General Sir Crawford Trotter Chamberlain  (1821–1902) was a senior officer in the Indian Staff Corps.

Early life
Born in London on 9 May 1821, was the third son of Sir Henry Chamberlain, 1st Baronet by his second wife. Sir Neville Bowles Chamberlain was an elder brother. After education at private schools and under tutors Crawford obtained a cadetship in the Bengal army in 1837, and was posted to the 28th Bengal infantry. From this corps, he was transferred to the 16th Bengal infantry.

Afghan and Sikh Wars
With the outbreak of the First Anglo-Afghan War in 1839 Chamberlain's active service began. He was present at the siege of Ghazni (23 July 1839) and at the operations around Kandahar. In September 1841 he was appointed to the command of the 5th Janbaz cavalry, and in the following month, he became adjutant of Christie's horse. Until the end of the Afghan campaign, he was engaged in constant heavy fighting.

In 1843 Chamberlain was sent to Scinde with two squadrons of Christie's horse as an independent command, to be known as Chamberlain's horse. In 1845 he was invalided to the Cape of Good Hope, where he married. Next year he returned to India as second in command of the 9th irregular cavalry, into which his own corps had been absorbed. During the First Anglo-Sikh War and the Second Anglo-Sikh War he was constantly in action. He was at the battle of Chillian walla on 13 January 1849, receiving the medal and clasp. On 30 January he was again engaged in the neighbourhood; here he was wounded and was made the subject of a special despatch by Lord Gough (31 January). At the Battle of Gujrat on 21 February, he had to be lifted into the saddle, where he remained throughout the day. He was awarded the clasp, was mentioned in despatches, and, being promoted to captain and brevet major in November 1849, was given the command of the 1st irregular cavalry, formerly Skinner's Horse. He served with them in the Mohmand expedition of 1854 and received a medal and clasp.

Indian Rebellion of 1857
On the outbreak of the Indian Rebellion, Chamberlain's men volunteered to shoot condemned rebels at Jullundur (4 June 1857). He was given the duty of disarming the 62nd and 69th regiments at Multan. At Chichawatni (September) Chamberlain was attacked by a superior force of the enemy, and housed his cavalry in a caravanserai. He held out until he was relieved three days later.

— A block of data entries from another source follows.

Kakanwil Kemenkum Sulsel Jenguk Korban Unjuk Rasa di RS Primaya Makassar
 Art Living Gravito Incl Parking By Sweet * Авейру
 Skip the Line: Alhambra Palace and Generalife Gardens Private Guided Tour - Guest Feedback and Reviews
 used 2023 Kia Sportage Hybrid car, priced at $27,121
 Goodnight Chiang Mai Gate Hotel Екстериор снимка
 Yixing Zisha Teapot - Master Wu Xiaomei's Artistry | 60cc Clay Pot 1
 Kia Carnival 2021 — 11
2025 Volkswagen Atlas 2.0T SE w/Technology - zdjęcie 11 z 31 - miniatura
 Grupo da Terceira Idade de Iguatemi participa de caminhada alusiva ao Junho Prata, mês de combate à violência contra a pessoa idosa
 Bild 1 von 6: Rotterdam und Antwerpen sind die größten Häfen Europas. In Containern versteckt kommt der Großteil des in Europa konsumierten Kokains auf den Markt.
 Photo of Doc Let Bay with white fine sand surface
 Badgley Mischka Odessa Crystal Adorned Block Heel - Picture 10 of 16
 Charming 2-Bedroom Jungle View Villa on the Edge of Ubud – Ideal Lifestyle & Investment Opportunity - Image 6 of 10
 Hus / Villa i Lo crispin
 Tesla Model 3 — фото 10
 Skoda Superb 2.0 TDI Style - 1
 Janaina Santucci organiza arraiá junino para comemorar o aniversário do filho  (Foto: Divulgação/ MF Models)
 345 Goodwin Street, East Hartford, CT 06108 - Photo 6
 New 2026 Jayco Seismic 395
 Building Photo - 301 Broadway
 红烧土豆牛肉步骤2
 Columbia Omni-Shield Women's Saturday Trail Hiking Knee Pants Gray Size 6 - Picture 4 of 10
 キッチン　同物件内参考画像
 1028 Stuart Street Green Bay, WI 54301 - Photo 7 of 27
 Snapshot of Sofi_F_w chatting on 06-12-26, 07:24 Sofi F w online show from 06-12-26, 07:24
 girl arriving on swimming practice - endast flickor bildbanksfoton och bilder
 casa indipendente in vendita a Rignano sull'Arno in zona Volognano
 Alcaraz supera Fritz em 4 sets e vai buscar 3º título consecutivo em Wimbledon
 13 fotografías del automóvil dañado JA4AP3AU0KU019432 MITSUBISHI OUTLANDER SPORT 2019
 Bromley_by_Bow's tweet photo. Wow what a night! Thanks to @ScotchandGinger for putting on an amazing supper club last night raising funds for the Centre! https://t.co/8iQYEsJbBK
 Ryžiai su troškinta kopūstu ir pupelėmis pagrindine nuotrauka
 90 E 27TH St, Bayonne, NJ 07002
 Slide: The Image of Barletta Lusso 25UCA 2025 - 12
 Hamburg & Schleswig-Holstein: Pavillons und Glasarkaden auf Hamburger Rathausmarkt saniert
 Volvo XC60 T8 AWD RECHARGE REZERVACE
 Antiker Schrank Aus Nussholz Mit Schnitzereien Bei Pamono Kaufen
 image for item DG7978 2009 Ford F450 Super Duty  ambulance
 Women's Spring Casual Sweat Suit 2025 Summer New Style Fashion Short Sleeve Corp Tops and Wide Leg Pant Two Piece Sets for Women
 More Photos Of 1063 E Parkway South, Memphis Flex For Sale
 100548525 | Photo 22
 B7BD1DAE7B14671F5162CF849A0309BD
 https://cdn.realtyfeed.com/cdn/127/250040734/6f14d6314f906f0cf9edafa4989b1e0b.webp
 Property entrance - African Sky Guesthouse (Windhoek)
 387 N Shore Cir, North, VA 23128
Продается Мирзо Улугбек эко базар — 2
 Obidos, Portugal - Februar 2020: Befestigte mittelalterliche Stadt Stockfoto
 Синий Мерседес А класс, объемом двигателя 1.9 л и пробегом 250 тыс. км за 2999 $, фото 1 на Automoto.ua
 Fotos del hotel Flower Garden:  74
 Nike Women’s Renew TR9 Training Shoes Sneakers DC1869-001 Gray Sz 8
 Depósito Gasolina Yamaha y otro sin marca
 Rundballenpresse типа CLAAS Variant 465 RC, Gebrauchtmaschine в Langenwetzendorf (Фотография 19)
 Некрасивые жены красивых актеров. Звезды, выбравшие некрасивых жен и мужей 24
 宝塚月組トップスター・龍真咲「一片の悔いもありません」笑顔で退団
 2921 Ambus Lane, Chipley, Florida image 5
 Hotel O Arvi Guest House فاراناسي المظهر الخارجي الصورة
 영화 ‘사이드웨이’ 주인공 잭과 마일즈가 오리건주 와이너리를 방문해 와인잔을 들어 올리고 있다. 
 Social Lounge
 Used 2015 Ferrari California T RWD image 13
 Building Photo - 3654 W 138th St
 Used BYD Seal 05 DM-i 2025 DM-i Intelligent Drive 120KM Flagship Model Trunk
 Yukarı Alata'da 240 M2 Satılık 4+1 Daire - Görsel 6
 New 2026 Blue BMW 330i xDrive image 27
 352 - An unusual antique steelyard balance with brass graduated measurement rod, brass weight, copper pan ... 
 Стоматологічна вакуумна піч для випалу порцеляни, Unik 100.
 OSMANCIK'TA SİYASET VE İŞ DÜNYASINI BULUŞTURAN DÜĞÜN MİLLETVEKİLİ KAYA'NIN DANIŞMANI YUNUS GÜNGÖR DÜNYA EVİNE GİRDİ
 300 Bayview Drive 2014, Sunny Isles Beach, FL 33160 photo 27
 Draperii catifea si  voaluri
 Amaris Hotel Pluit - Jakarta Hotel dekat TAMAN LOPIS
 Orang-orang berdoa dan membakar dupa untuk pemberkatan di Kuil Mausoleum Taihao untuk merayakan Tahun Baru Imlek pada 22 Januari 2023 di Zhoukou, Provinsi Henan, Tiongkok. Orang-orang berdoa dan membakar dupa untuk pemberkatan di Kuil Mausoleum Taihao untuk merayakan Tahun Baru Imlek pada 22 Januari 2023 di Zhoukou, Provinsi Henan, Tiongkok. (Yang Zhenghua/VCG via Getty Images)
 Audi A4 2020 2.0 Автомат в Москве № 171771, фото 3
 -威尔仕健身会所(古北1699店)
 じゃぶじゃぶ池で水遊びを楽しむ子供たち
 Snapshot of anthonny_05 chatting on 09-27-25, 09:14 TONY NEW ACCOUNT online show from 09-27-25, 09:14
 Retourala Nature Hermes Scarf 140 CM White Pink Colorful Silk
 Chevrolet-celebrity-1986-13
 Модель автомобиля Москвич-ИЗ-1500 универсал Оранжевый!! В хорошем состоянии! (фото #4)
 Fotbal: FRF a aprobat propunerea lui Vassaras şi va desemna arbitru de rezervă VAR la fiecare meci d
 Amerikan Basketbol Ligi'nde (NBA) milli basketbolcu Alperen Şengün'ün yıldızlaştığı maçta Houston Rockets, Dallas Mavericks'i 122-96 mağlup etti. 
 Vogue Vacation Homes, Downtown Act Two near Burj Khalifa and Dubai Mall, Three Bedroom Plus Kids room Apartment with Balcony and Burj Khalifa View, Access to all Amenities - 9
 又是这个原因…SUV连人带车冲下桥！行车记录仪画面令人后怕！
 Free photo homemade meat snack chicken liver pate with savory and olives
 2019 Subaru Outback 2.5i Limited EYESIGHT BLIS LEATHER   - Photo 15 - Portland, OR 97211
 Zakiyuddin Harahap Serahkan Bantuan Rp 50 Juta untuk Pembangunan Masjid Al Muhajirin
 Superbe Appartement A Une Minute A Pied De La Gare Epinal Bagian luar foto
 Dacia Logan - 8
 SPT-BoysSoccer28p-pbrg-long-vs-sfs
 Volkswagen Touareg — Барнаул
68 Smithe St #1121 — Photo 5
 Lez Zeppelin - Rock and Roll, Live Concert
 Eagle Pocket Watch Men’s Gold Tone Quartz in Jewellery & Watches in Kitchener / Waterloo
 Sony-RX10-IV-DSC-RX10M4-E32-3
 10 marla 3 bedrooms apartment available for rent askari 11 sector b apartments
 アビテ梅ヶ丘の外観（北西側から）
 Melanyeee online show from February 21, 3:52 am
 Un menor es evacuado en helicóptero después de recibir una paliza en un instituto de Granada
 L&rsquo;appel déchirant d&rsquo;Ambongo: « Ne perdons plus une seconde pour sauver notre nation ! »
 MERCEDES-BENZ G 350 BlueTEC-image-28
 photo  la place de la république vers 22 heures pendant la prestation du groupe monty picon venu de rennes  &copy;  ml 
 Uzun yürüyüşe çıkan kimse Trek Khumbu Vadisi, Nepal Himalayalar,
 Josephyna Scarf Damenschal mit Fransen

For his services, Chamberlain was promoted to lieutenant-colonel. In April 1862 he was made colonel.

Later life
In 1864 Chamberlain was appointed honorary A.D.C. to the governor-general, and two years later was made Companion of the Order of the Star of India (CSI), and was included in the first list of twelve officers for good service pension. In 1866, too, he was transferred to the command of the central Indian horse, and next year to the command of the Gwalior district with the rank of brigadier-general.

In 1869 Chamberlain was officiating political agent at Gwalior; from October 1869 to February 1870 he was acting political agent at the court of Scindia until his promotion to major-general. During his unemployed time as major-general he served on various commissions and courts of inquiry, and from 1874 to 1879 he commanded the Oudh division. He became lieutenant-general in October 1877 and general in January 1880.

In 1880 Chamberlain returned to England for the first time since 1837. In 1884 he was retired from the active list. In 1897, on the occasion of Queen Victoria's diamond jubilee, he was made Knight Grand Commander of the Order of the Indian Empire (GCIE).

He died at his residence, Lordswood, Southampton, on 13 December 1902, and was buried at Rownhams.

Family
Chamberlain married twice:

 in 1845, at the Cape, to Elizabeth de Witt, daughter of J. de Witt; she died on 19 January 1894; and
 in 1896 to Augusta Margaret Christie, daughter of Major-General John Christie, C.B., who survived him.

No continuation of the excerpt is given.